* _TASK BRIEF_: From the line containing "China New eco-friendly" to the final line of the entries, copy each line exactly. Pictures stay out.

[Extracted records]

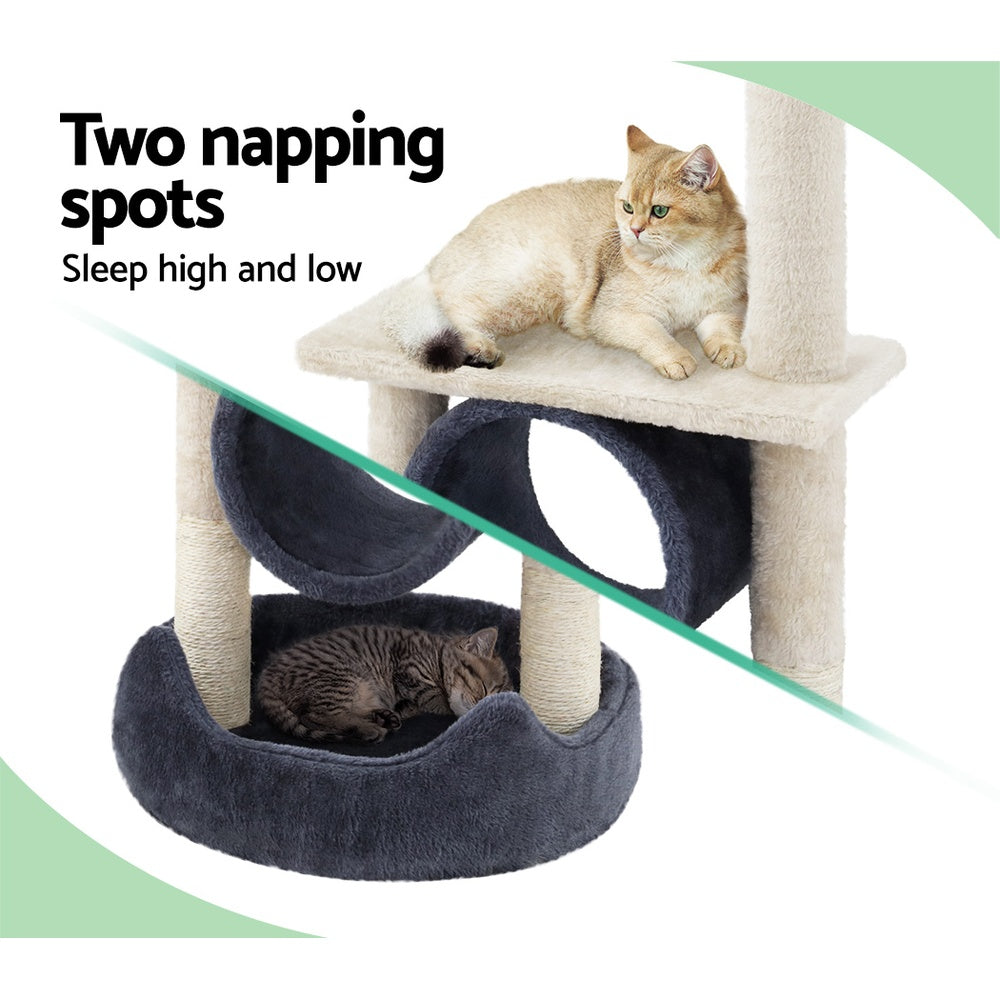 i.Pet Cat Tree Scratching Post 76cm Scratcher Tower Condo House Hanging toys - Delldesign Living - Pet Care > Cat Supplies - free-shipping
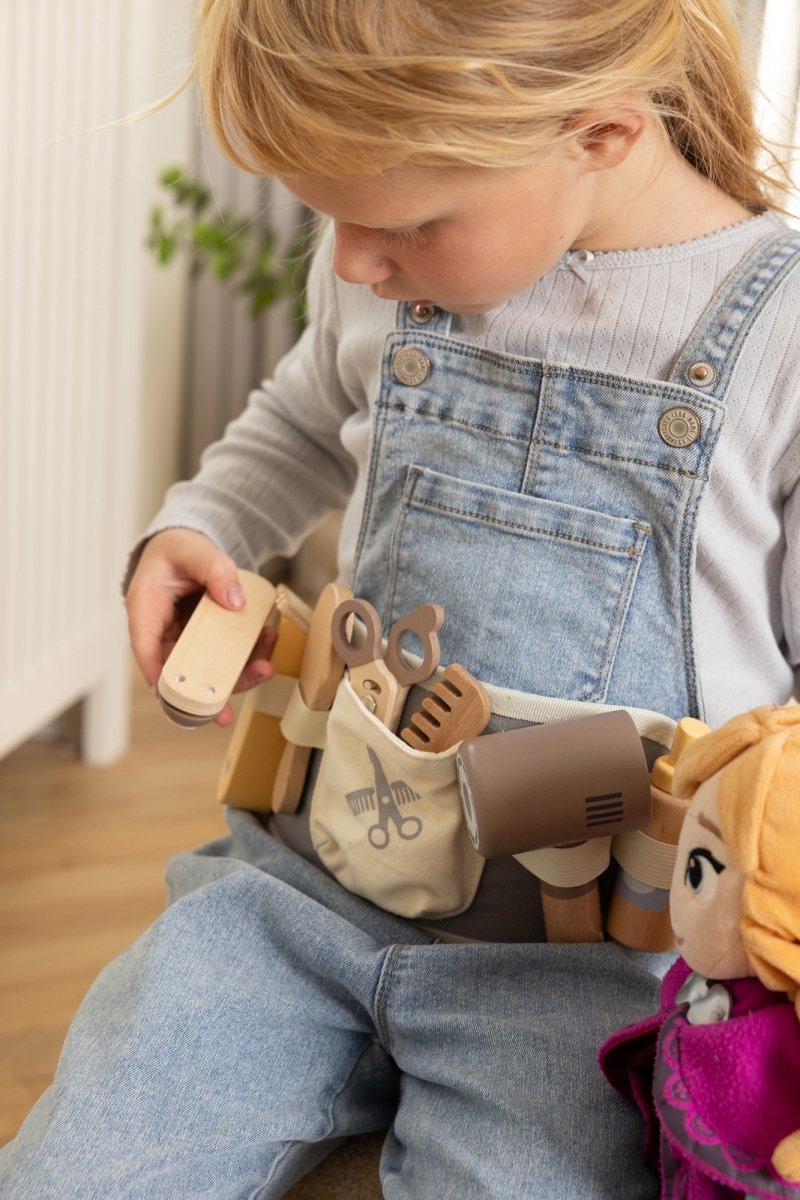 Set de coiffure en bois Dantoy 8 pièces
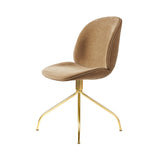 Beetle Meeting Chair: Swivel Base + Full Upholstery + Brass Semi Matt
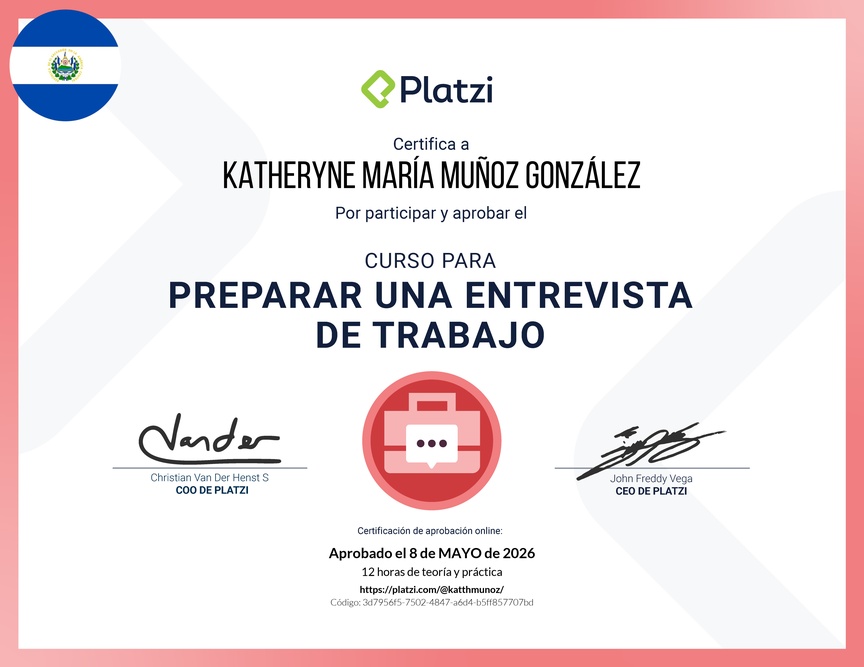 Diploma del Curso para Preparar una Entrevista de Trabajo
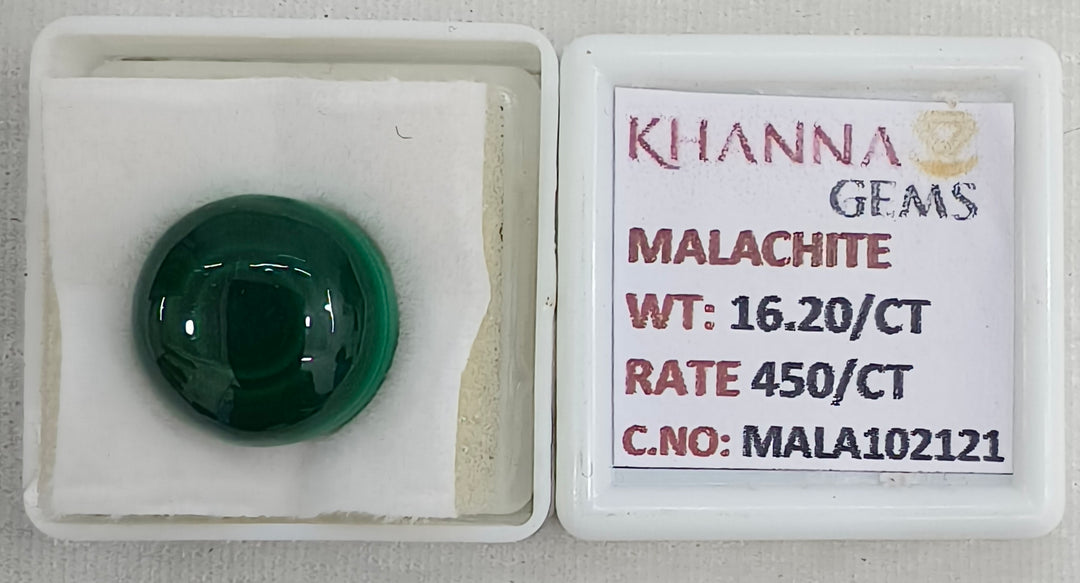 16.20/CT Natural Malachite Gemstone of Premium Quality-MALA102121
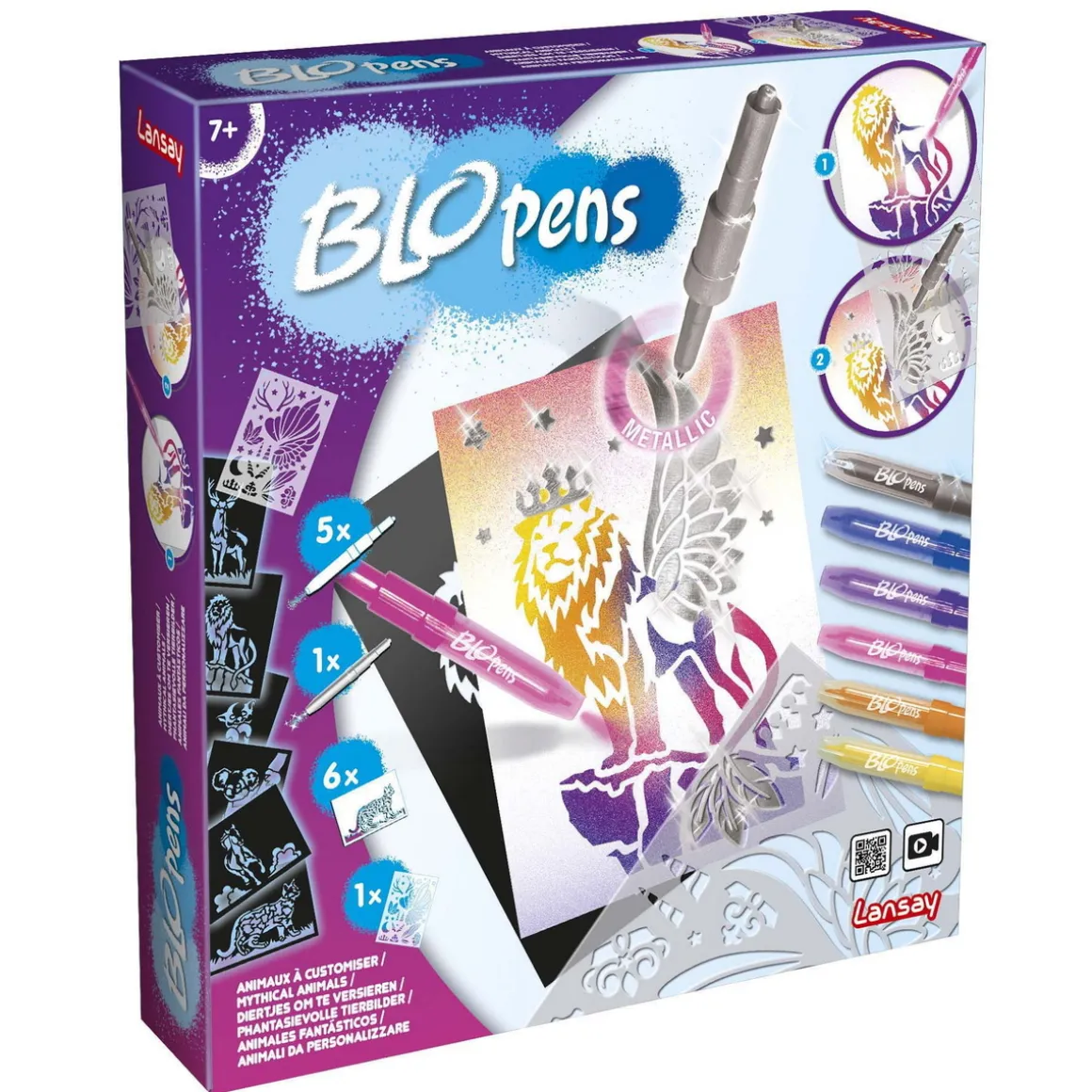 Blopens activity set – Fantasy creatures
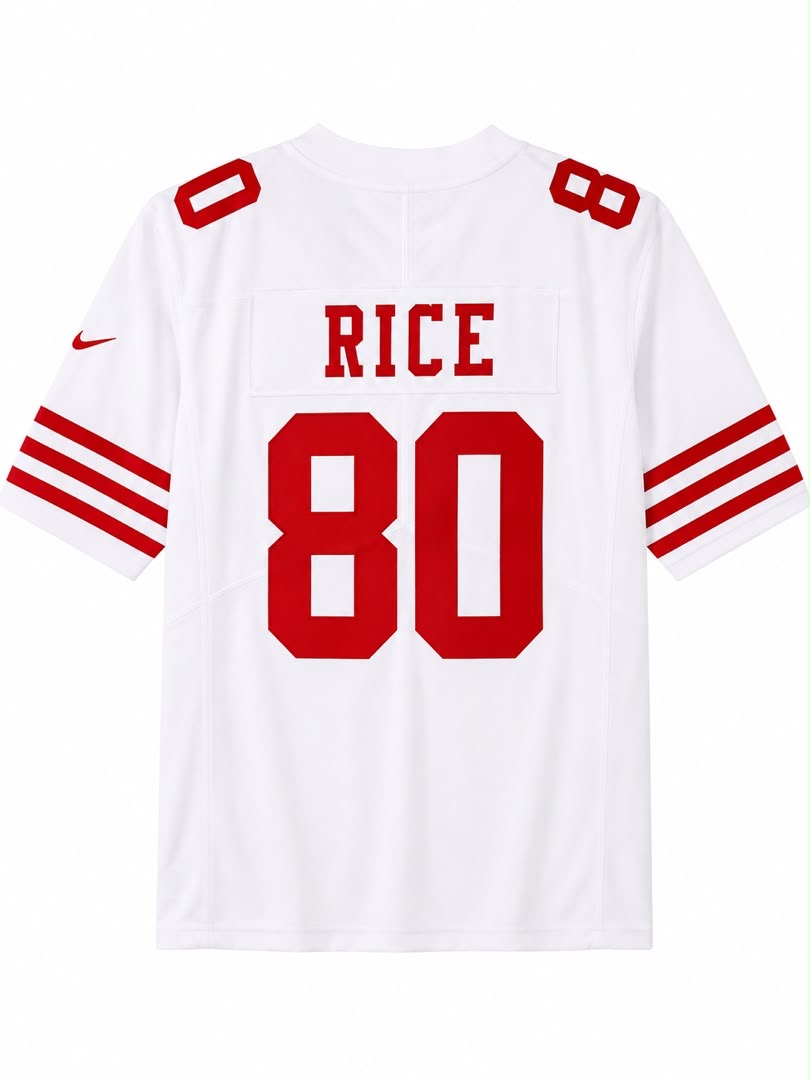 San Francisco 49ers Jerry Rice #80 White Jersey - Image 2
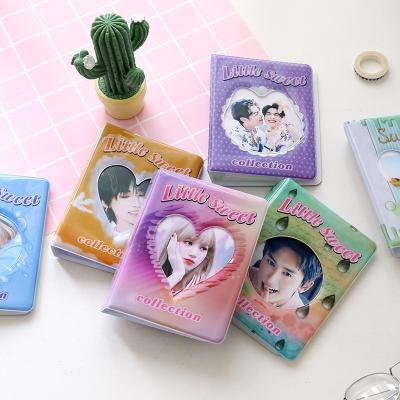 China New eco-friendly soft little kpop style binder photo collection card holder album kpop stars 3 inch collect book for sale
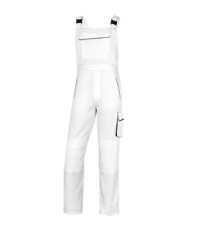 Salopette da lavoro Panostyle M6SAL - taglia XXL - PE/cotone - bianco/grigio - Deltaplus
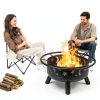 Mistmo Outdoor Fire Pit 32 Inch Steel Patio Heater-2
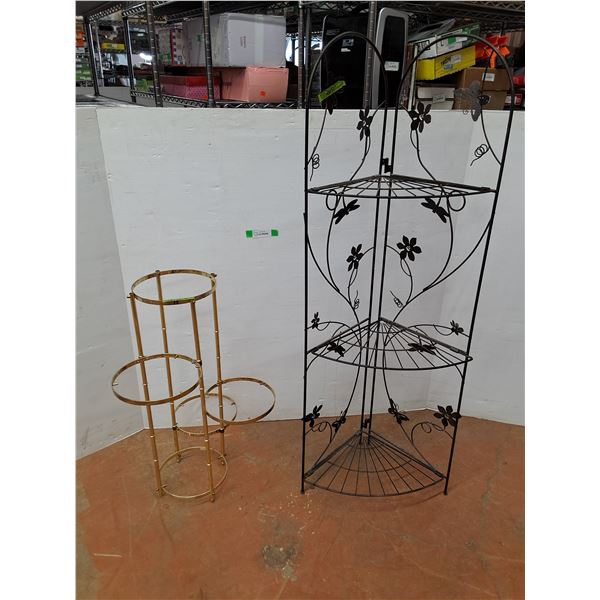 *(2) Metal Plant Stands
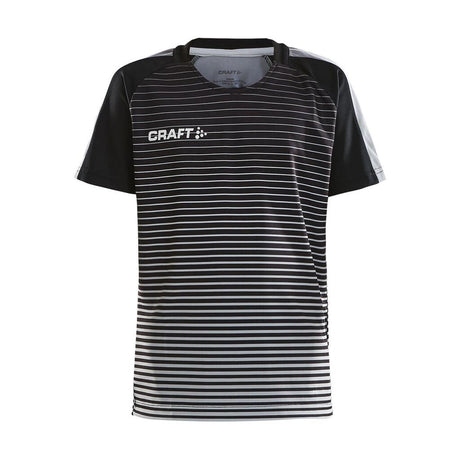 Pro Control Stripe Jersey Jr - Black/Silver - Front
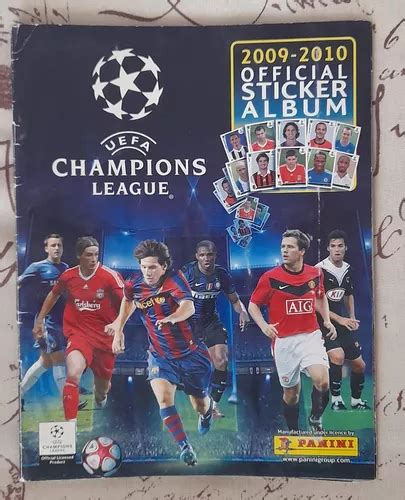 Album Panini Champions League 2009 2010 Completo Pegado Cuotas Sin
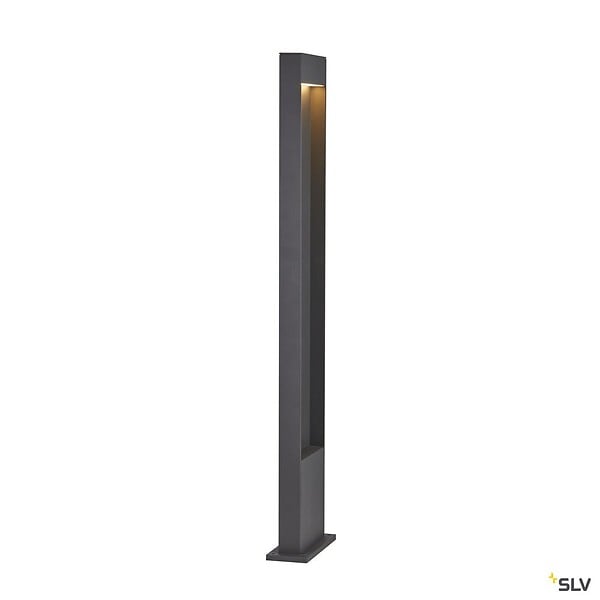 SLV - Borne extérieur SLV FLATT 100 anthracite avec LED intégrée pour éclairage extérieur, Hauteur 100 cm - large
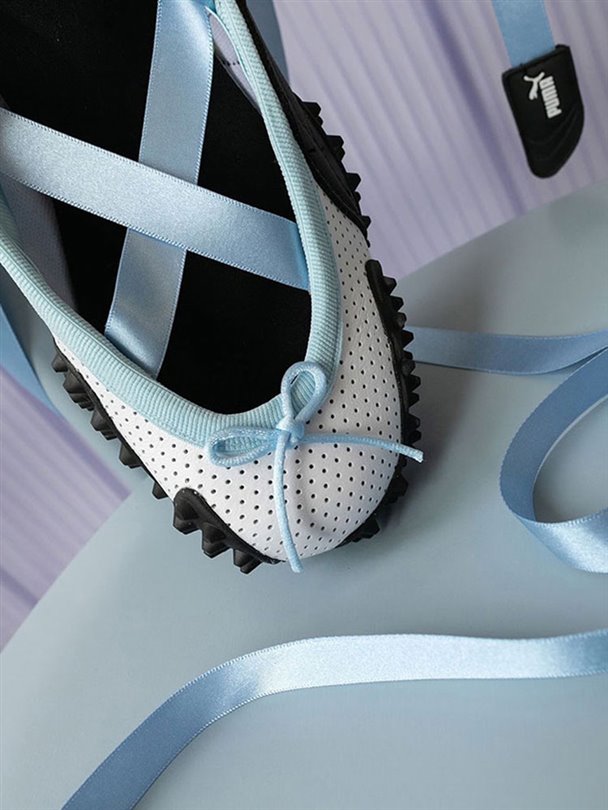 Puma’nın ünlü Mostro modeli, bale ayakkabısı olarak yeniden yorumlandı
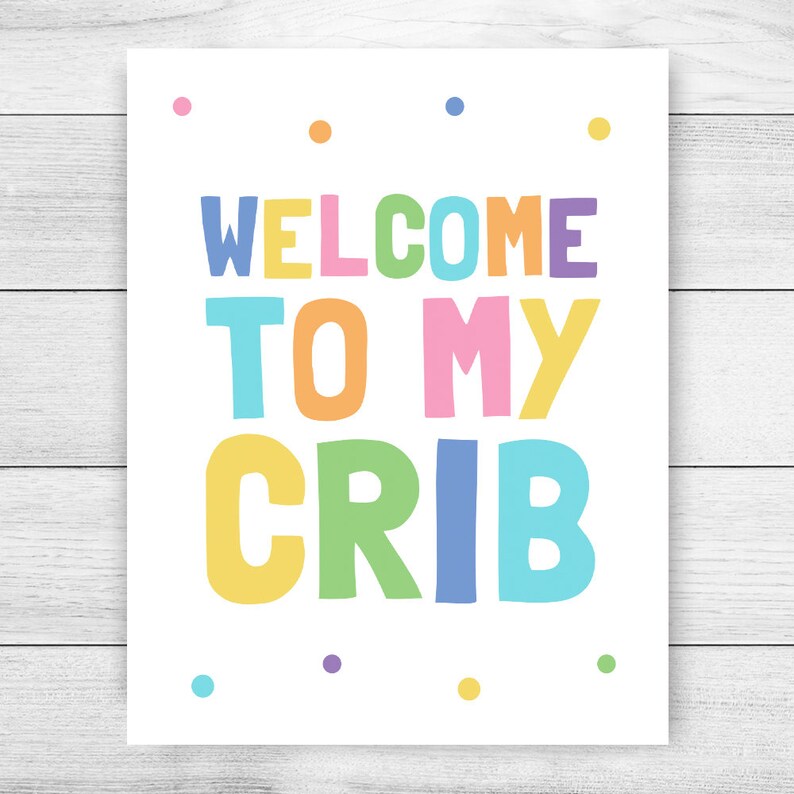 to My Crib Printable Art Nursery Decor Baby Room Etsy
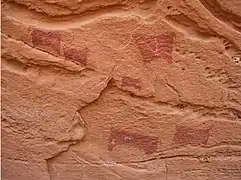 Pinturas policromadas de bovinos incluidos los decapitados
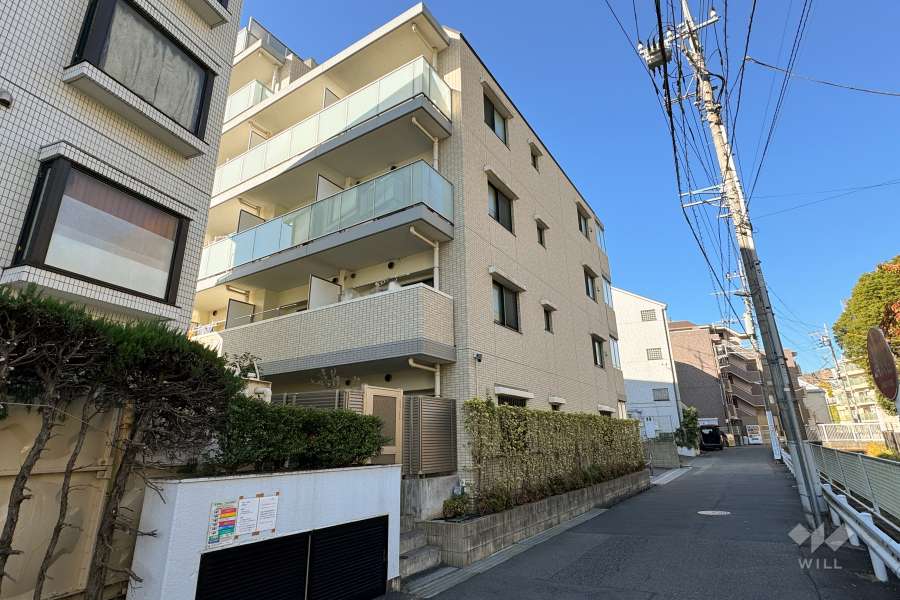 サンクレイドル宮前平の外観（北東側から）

* _RESULT OF THIS TASK_:
 China New eco-friendly soft little kpop style binder photo collection card holder album kpop stars 3 inch collect book for sale
 Salopette da lavoro Panostyle M6SAL - taglia XXL - PE/cotone - bianco/grigio - Deltaplus
 Mistmo Outdoor Fire Pit 32 Inch Steel Patio Heater-2
 *(2) Metal Plant Stands
 Pro Control Stripe Jersey Jr - Black/Silver - Front
 Album Panini Champions League 2009 2010 Completo Pegado Cuotas Sin
 SLV - Borne extérieur SLV FLATT 100 anthracite avec LED intégrée pour éclairage extérieur, Hauteur 100 cm - large
 Puma’nın ünlü Mostro modeli, bale ayakkabısı olarak yeniden yorumlandı
 to My Crib Printable Art Nursery Decor Baby Room Etsy
 Pinturas policromadas de bovinos incluidos los decapitados
 サンクレイドル宮前平の外観（北東側から）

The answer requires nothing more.